憧れの小学校教諭を辞めた友人

2018年度の末、非常に仲の良い私の友人が小学校教諭を退職した。その理由は、「きつかったから」に尽きていた。友人が学生時代から小学校教諭を志し日々勉学に励んでいた姿が目に焼き付いている私にとって、それは非常に悲しい知らせだった。


話を聞くと、朝の7時過ぎには出勤し、遅い日には日付が変わる時間まで学校に残り、授業の準備やテストの採点などの校務に明け暮れていたらしい。それでも仕事は山積し、さらに運動会などのイベントやPTAなどによって休日出勤をしなくてはならず、加えて現行の法律では時間外給与も支払われない[1]。そうしたなかで身体の限界を感じ、退職に至ったのだという。

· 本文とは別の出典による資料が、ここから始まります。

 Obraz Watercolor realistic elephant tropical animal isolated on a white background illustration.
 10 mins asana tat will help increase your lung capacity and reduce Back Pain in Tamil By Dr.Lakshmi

現状を整理すると、教育職員は、政令で「正規の勤務時間の割振りを適正に行い、原則として時間外勤務を命じない」ものとすると定められている[2]。しかし、同時に「生徒の実習」「学校の行事」「職員会議」「非常災害の場合、児童又は生徒の指導に関し緊急の措置を必要とする場合」の4つの場合は時間外労働を命じることができるとも記されており、これらはいわゆる「超勤4項目」と呼ばれている。ただ、授業の準備やテストの採点は「生徒の実習」に関わる業務であり、運動会やPTAは「学校の行事」に該当するなど、4項目の範囲は非常に広義である。言い換えるとほとんどの業務は時間外給与の支払われない業務になってしまい、これが教員の長時間労働の一因となっていることが指摘されている。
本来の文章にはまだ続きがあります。